## WHAT YOU HAVE TO DO
Write the data below out exactly as it stands. Do not include the pictures.

Captioned web image data:
*** Block opens ***
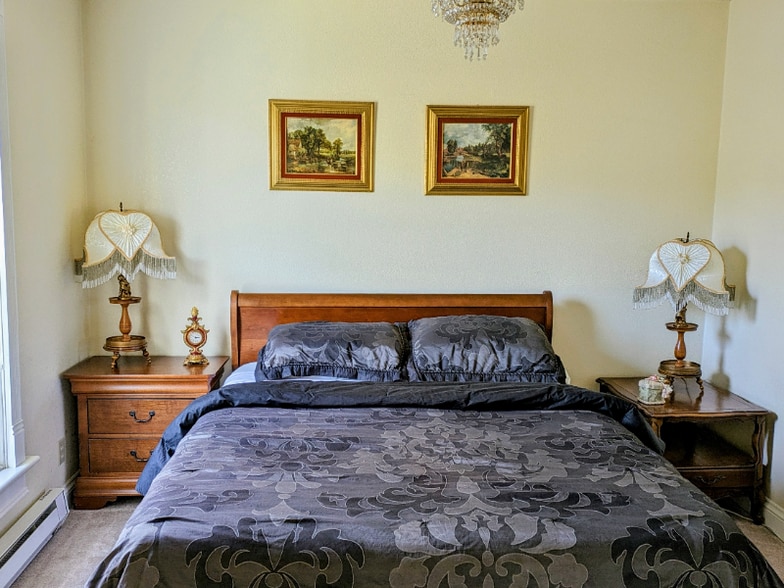 Building Photo - 202 E 3rd High St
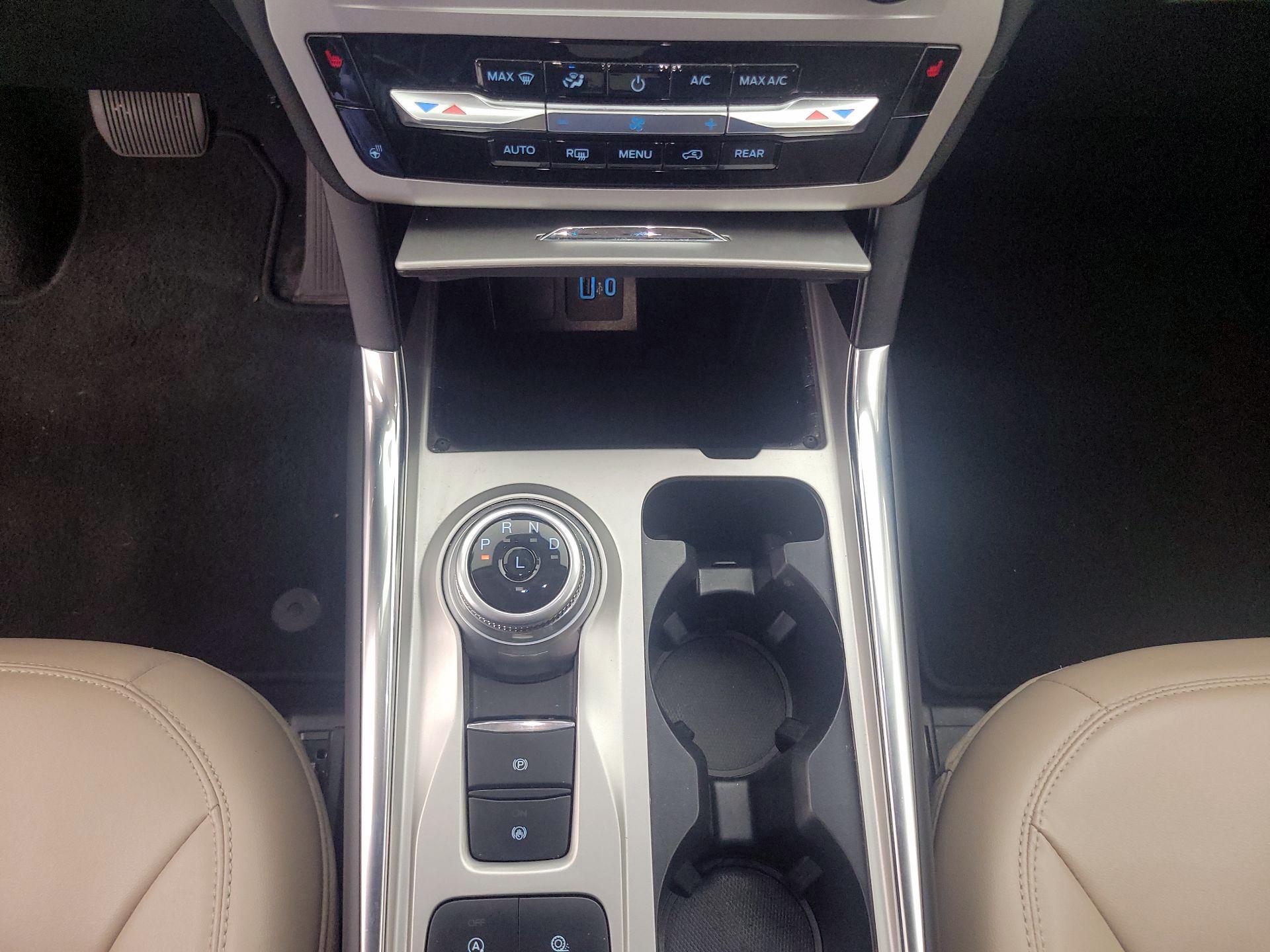 Thumbnail: 2021 Ford Explorer - 18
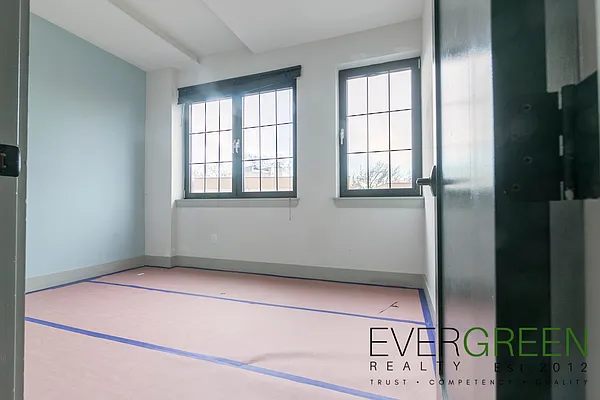 Rented by Evergreen Apartments BK | media 35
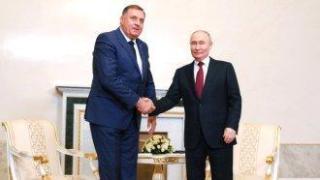 Лидерът на босненските сърби, който подкрепи руската инвазия в Украйна, избяга в Москва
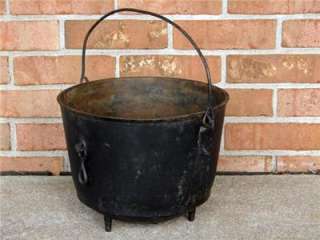 PRE 1875 CAST IRON #8 COOKING KETTLE GATE 3 FEET TIP RING CAMPFIRE #2 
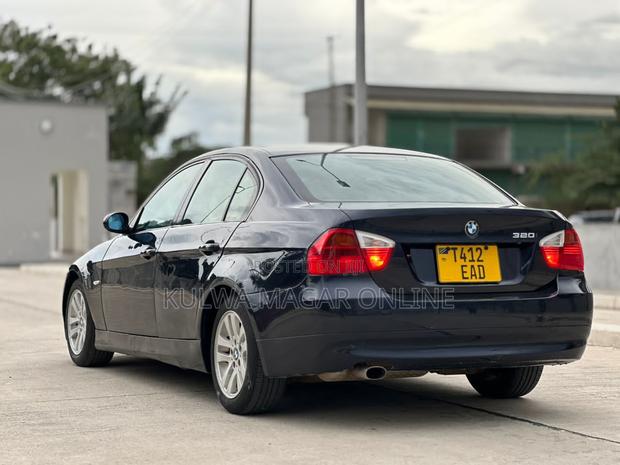 BMW 3 Series 2010 Black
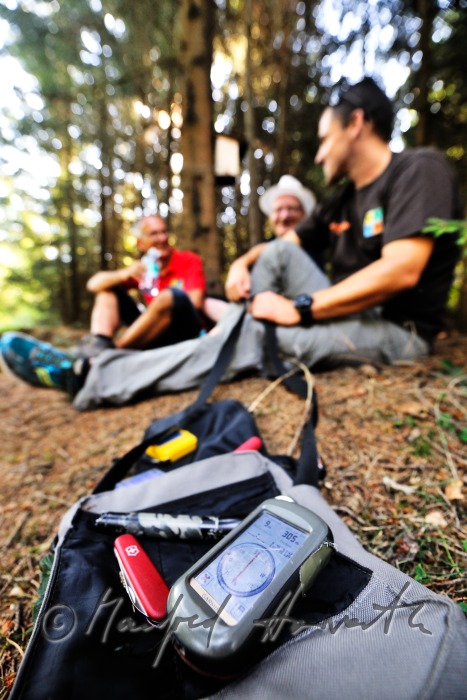 Geocacher rasten im Wald während der Suche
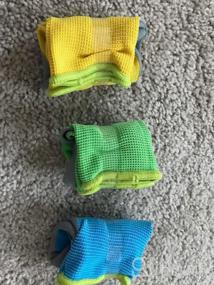 img 5 attached to Schwer 3 пары детских садовых перчаток для детей от 3 до 5 лет, детские цепкие перчатки с резиновым покрытием для работы в саду, синие, зеленые и желтые, маленький размер (3 пары XXXXS)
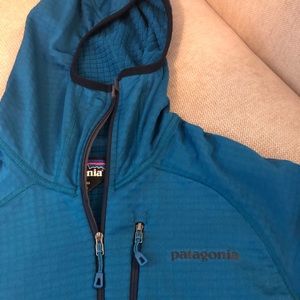 NWOT Men’s Patagonia half zip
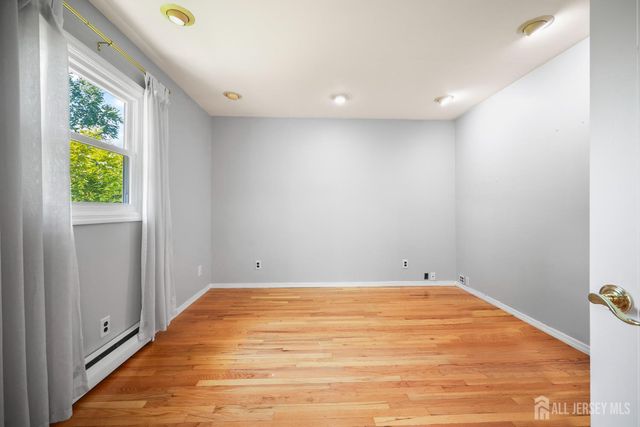 55 Wyoming Avenue, Spotswood, NJ 08884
*** Block closes ***
## RESPONSE BELOW
 Building Photo - 202 E 3rd High St
 Thumbnail: 2021 Ford Explorer - 18
 Rented by Evergreen Apartments BK | media 35
 Лидерът на босненските сърби, който подкрепи руската инвазия в Украйна, избяга в Москва
 PRE 1875 CAST IRON #8 COOKING KETTLE GATE 3 FEET TIP RING CAMPFIRE #2 
 BMW 3 Series 2010 Black
 Geocacher rasten im Wald während der Suche
 img 5 attached to Schwer 3 пары детских садовых перчаток для детей от 3 до 5 лет, детские цепкие перчатки с резиновым покрытием для работы в саду, синие, зеленые и желтые, маленький размер (3 пары XXXXS)
 NWOT Men’s Patagonia half zip
 55 Wyoming Avenue, Spotswood, NJ 08884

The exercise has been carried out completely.